* _WHAT IS NEEDED_: Restate word for word the lines of the material below, from the line with "Central y Cómoda" to the line with "在各种采访中,吴磊表现得像是凌不疑的黑粉.", both lines included, and no others.

* _DATASET ENTRIES_:
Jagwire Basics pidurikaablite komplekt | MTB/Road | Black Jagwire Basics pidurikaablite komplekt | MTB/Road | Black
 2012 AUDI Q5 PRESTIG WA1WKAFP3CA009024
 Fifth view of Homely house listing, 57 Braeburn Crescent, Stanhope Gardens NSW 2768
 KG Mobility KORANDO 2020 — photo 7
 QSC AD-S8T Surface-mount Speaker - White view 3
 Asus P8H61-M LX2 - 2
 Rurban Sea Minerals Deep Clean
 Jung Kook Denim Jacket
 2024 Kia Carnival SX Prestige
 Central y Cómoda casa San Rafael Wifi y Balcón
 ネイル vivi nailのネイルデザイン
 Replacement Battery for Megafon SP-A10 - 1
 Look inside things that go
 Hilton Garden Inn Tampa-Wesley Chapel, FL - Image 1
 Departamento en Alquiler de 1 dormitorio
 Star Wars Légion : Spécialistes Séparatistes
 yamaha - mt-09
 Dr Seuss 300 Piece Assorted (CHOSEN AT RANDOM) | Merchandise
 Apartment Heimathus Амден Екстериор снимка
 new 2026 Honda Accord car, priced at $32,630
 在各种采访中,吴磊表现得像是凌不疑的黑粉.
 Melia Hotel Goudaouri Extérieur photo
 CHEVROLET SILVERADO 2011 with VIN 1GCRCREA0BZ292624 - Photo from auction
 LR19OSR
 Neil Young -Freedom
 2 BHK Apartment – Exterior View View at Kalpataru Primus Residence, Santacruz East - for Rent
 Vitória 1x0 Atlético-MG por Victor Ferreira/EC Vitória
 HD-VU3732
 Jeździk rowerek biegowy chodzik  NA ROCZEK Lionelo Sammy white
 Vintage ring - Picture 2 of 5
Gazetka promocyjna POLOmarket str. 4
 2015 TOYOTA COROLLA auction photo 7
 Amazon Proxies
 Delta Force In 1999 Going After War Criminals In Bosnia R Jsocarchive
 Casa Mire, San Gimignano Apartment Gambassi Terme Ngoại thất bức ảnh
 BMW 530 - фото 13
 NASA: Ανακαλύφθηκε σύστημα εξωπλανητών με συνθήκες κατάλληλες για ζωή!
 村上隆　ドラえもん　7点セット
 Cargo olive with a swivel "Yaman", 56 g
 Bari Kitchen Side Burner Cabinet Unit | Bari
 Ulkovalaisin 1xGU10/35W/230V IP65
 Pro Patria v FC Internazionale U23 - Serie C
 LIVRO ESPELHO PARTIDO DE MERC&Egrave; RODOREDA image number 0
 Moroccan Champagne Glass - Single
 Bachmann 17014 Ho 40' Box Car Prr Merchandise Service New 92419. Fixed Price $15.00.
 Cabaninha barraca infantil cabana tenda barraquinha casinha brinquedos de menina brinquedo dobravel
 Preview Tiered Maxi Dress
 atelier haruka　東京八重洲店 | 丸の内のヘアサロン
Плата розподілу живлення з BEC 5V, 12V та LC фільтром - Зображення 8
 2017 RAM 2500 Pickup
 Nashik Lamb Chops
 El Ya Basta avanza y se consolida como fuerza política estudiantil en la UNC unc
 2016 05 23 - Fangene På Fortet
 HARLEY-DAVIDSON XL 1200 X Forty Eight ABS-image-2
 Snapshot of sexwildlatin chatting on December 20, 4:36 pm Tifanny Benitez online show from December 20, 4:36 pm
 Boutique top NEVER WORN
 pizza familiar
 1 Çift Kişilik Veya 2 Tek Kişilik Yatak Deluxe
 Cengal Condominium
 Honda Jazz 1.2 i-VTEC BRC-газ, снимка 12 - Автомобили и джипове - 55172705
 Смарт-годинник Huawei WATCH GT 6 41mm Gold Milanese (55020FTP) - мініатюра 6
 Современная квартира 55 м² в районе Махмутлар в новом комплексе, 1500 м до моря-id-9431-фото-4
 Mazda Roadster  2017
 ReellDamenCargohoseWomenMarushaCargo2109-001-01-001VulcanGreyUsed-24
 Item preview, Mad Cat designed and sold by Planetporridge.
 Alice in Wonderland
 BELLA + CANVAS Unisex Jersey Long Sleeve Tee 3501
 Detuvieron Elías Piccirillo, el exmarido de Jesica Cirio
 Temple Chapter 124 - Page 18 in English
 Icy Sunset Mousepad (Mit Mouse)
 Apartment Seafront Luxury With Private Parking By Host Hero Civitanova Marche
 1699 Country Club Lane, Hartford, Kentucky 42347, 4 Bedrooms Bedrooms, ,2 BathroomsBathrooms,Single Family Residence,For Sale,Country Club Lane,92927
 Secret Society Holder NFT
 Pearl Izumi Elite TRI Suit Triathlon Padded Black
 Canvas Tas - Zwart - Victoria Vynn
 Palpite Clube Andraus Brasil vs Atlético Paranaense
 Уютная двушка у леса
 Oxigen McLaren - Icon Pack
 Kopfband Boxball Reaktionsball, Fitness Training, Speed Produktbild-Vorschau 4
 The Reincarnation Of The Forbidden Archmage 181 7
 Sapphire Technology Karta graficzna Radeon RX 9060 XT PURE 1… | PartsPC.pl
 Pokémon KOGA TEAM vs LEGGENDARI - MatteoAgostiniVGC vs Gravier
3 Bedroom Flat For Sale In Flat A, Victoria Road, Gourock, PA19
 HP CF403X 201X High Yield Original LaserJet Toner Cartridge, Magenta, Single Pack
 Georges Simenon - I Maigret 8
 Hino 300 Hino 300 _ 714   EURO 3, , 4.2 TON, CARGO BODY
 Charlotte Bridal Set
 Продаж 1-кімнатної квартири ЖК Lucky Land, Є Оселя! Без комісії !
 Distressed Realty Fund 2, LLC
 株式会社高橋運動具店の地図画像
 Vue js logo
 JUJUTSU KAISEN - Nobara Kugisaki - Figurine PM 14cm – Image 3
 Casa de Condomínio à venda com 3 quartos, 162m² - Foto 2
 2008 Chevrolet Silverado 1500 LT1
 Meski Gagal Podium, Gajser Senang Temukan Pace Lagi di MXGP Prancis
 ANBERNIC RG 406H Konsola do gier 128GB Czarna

* _TASK SOLUTION_:
 Central y Cómoda casa San Rafael Wifi y Balcón
 ネイル vivi nailのネイルデザイン
 Replacement Battery for Megafon SP-A10 - 1
 Look inside things that go
 Hilton Garden Inn Tampa-Wesley Chapel, FL - Image 1
 Departamento en Alquiler de 1 dormitorio
 Star Wars Légion : Spécialistes Séparatistes
 yamaha - mt-09
 Dr Seuss 300 Piece Assorted (CHOSEN AT RANDOM) | Merchandise
 Apartment Heimathus Амден Екстериор снимка
 new 2026 Honda Accord car, priced at $32,630
 在各种采访中,吴磊表现得像是凌不疑的黑粉.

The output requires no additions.